Hi. First let me apologize for the tone of that question. Besides being vague, it comes off as really rude. I don't know how that came from me. I wanted to know if there was something marginal that I could fix and make everything work.
Second, I can't reproduce the problem for arbitrary data. The problem doesn't happen with iris (which is small, 150 rows x 4 cols), but it does repeat with fashion-mnist (which is larger, on the order of tens of thousands of rows and (28*28) columns -- but not huge either.)
I came to believe that this was a dcor
problem because I had used other custom metrics succesfully -- but, as it turns out, not in datasets as large as fashion-mnist.

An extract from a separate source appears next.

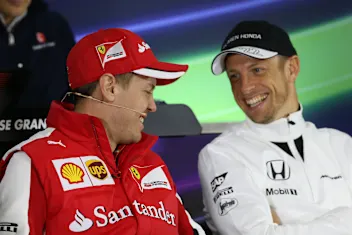 Sebastian Vettel (GER) Ferrari and Jenson Button (GBR) McLaren in the Press Conference at Formula
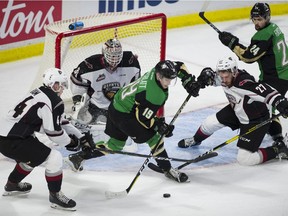 Prince Albert Raiders Cole Fonstad watches teammate Ozzy Wiesblatt hunt for the puck between Vancouver Giants Seth Bafard and Bowen Byram in front of goalie David Tendeck during WHL Championship series hockey at Langley Events Centre this week.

I'm including some details on reproduction attempts but it's not clearly a dcor
problem; it's probably the approximated-nearest-neighbors algorithm UMAP uses.
First, since UMAP uses the idea of nearest-neighbors (although it doesn't use the stock/exact algorithm), we try the following (code 1), which works
from sklearn.datasets import load_iris
iris = load_iris()
from sklearn.neighbors import kneighbors_graph
from numba import jit
from dcor import distance_correlation
@jit
def distcor(x,y):
return 1 - distance_correlation(x,y)
g = kneighbors_graph(iris.data, 2, mode = 'distance', metric='pyfunc',
metric_params = {'func': distcor})
Attempting to run this for fashion-mnist takes >20 minutes (the algorithm is expected to explode with large datasets anyway)-- I've given up before errors came up.
The following (code 2) runs UMAP itself. And works.
from umap import UMAP
embedding = UMAP(metric = distcor, n_neighbors = 4).fit_transform(iris.data)
Code 2 for fashion-mnist fails very loudly.
TypingError: Failed at nopython (nopython frontend)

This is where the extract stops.